A contribuição do decrescimento populacional para o meio
ambiente no século XXI.
“Não tive filhos, não transmiti a nenhuma criatura o legado de nossa
miséria” - Machado de Assis (Memórias póstumas de Brás Cubas)
A
fecundidade da população mundial caiu bastante nos 50 anos compreendidos entre
1965 e 2015. A taxa de fecundidade total (TFT) estava em torno de 5 filhos por
mulher entre 1950 e 1965 e caiu para 2,5 filhos por mulher no quinquênio
2010-15. Houve uma diminuição de 2,5 filhos na TFT em meio século. Foi a maior
redução já ocorrida na história da humanidade e representa um dos maiores e
mais significativos fenômenos sociais de mudança de comportamento de massa já
ocorridos na sociedade.
A
autolimitação do tamanho da prole ocorreu de forma racional e em meio ao
aumento do bem-estar médio global. Isto significa que as famílias optaram por
investir na qualidade dos filhos e não na quantidade de novos membros da
família.
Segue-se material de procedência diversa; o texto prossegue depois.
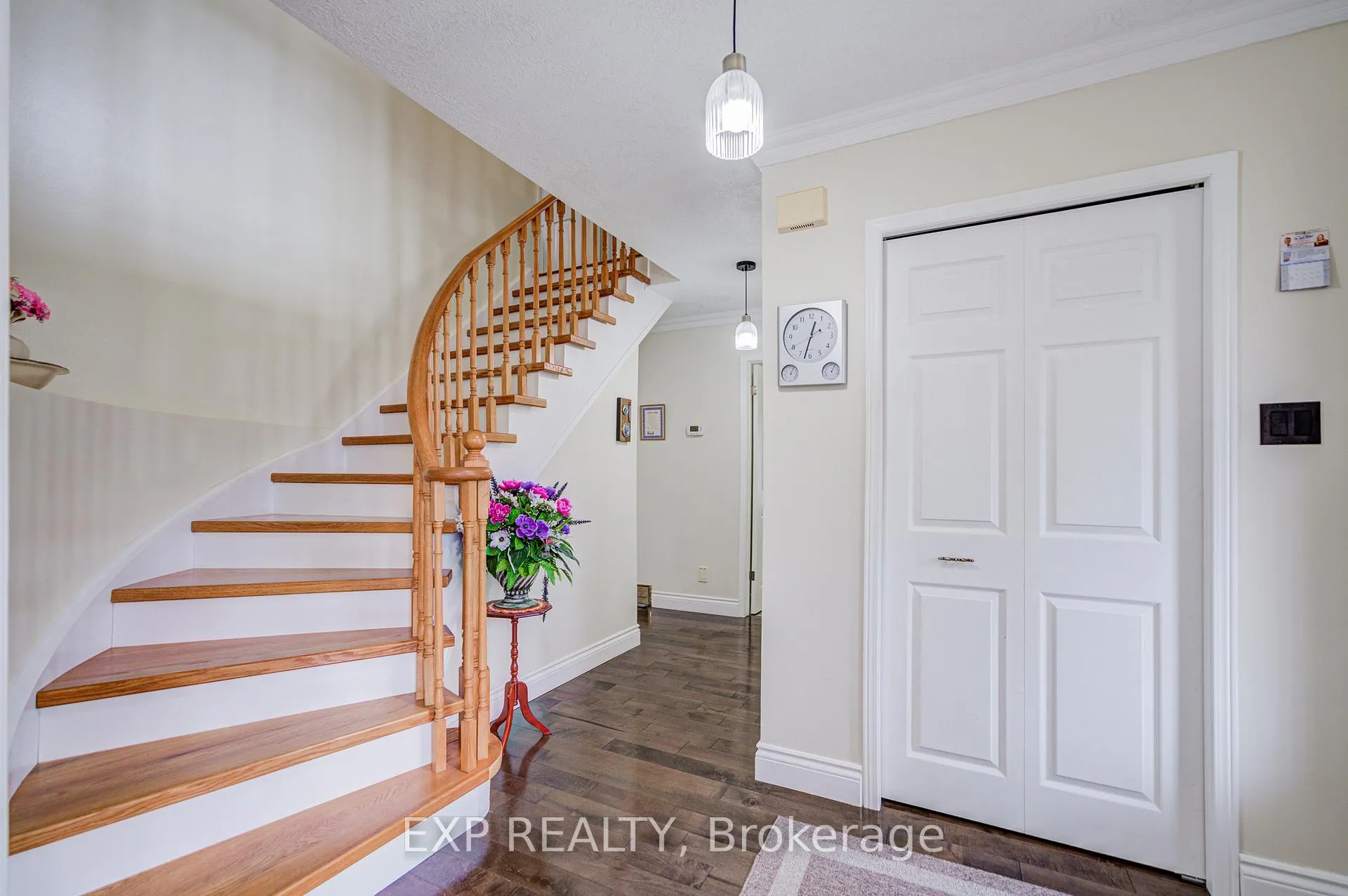 Photo 7 of 207 Stoke Drive, Kitchener — HOMEH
A redução da TFT não ocorreu em função da escassez de recursos, ao
contrário, foram os casais com maiores níveis de educação e renda e com maior
acesso à informação que lideraram a transição da fecundidade nos diversos
países.
Porém,
mesmo com toda a expressiva queda da TFT, a população mundial cresceu de 2,5
bilhões de habitantes em 1950 para cerca de 7,5 bilhões de habitantes em 2015.
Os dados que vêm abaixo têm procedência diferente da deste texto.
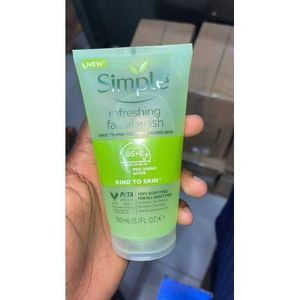 Simple Refreshing facial wash (kind to skin) 150ml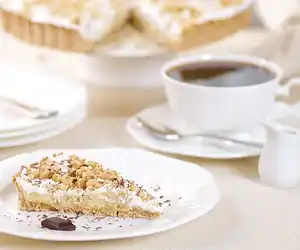 Bailey's Irish Cream Mousse Pie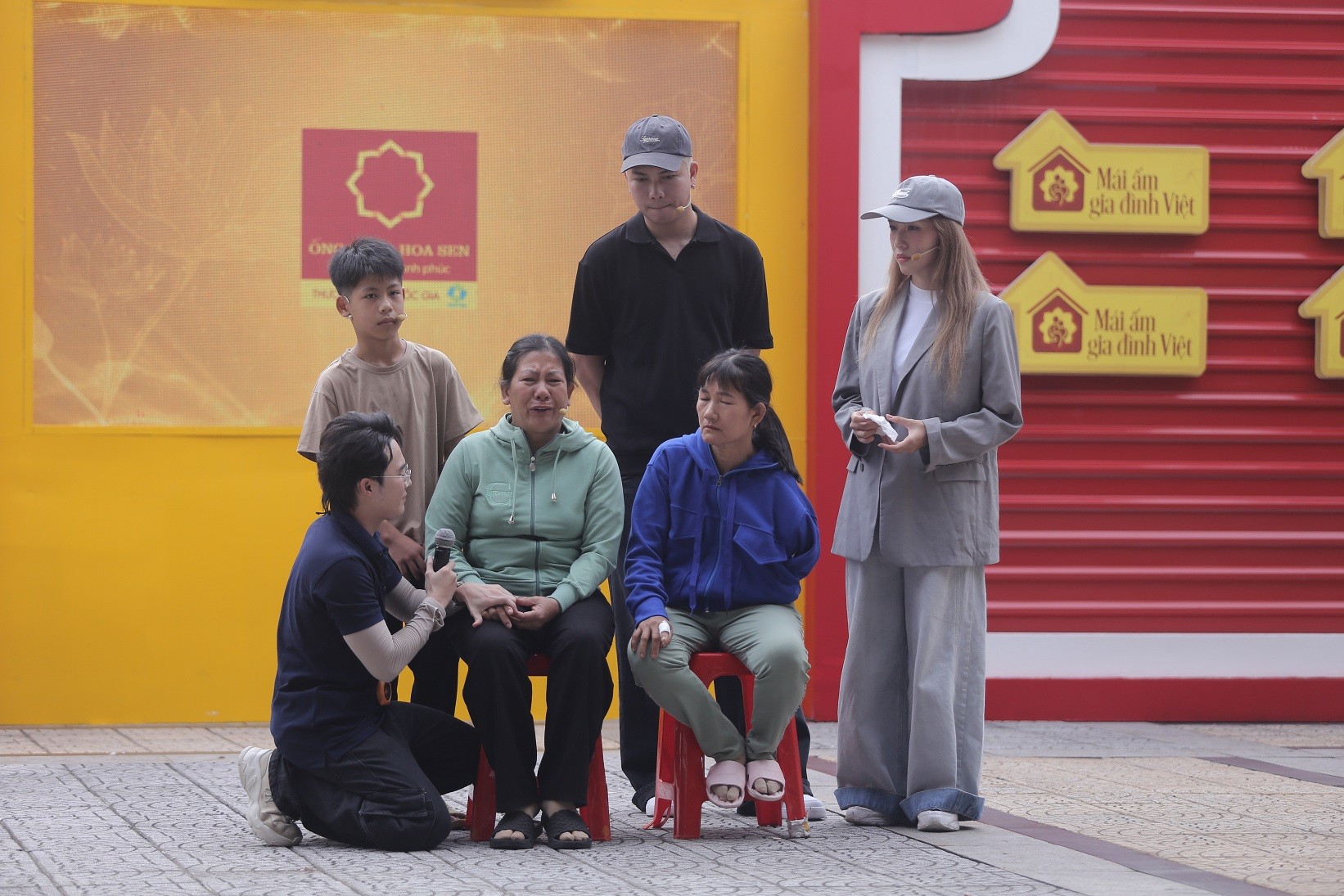 'Mái ấm gia đình Việt': BigDaddy gặp sự cố trên sân khấu, hành động của Emily gây xúc động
Se a taxa de fecundidade se mantiver em torno de 2,5 filhos por mulher até 2100
a população mundial poderá duplicar entre 2015 e 2100 e chegar a um número
próximo de 15 bilhões de habitantes no final do século XXI.
A Divisão
de População da ONU faz várias projeções para as próximas décadas. Na projeção
média a taxa de fecundidade passaria dos atuais 2,5 filhos por mulher para 2
filhos por mulher em 2100. Na projeção baixa, a TFT passaria de 2,5 filhos para
1,5 filhos por mulher em 2100. Ou seja, na hipótese da projeção média, a TFT
seria reduzida em 0,5 filhos até 2100. Na hipótese de projeção baixa, a TFT
seria reduzida em 1 filho no espaço de 85 anos, conforme mostra o gráfico
acima.
Esta queda
projetada pode parecer pequena para o período 2015-2100 (diante dos 2,5 filhos
reduzidos entre 1965-2015), mas teria um efeito impactante sobre o volume total
da população e no número de nascimentos.
O gráfico
abaixo mostra que o número de nascimentos do mundo em 1950 estava,
aproximadamente, em torno de 100 milhões de bebês por ano e subiu para cerca de
140 milhões de bebês no quinquênio 2010-15. Se a TFT seguir a trajetória média,
conforme hipótese da Divisão de População da ONU, o número de nascimentos
anuais no mundo ficará em torno de 140 milhões nas próximas décadas e atingirá
131,2 milhões no quinquênio 2095-00. Se a TFT seguir a trajetória baixa, o
número de nascimentos anuais no mundo cairá progressivamente e atingirá 59
milhões no quinquênio 2095-00.
O
número total de nascimentos entre 2015 e 2100, na projeção média, seria de 11,8
bilhões e na projeção baixa de 7,7 bilhões. Isto significa que se, nos 85 anos
entre 2015 e 2100, a TFT cair de 2,5 para 2 filhos por mulher vão nascer 11,8
bilhões de crianças e se a TFT cair de 2,5 para 1,5 filho por mulher o número
de nascimentos se reduziria para 7,7 bilhões. Uma diferença de 4,1 bilhões de
crianças.
Estes dados
mostram o impacto da queda de meio filho sobre o volume da população total,
indicando que uma aceleração do ritmo da transição da fecundidade poderia
reduzir imediatamente o número de nascimentos. Por exemplo, na hipótese média
de projeção o número de nascimentos seria de 141 milhões no quinquênio 2015-20
e de 142,9 milhões no quinquênio 2045-50, enquanto na hipótese baixa de
projeção os números seriam de 126,6 milhões e 100 milhões, respectivamente.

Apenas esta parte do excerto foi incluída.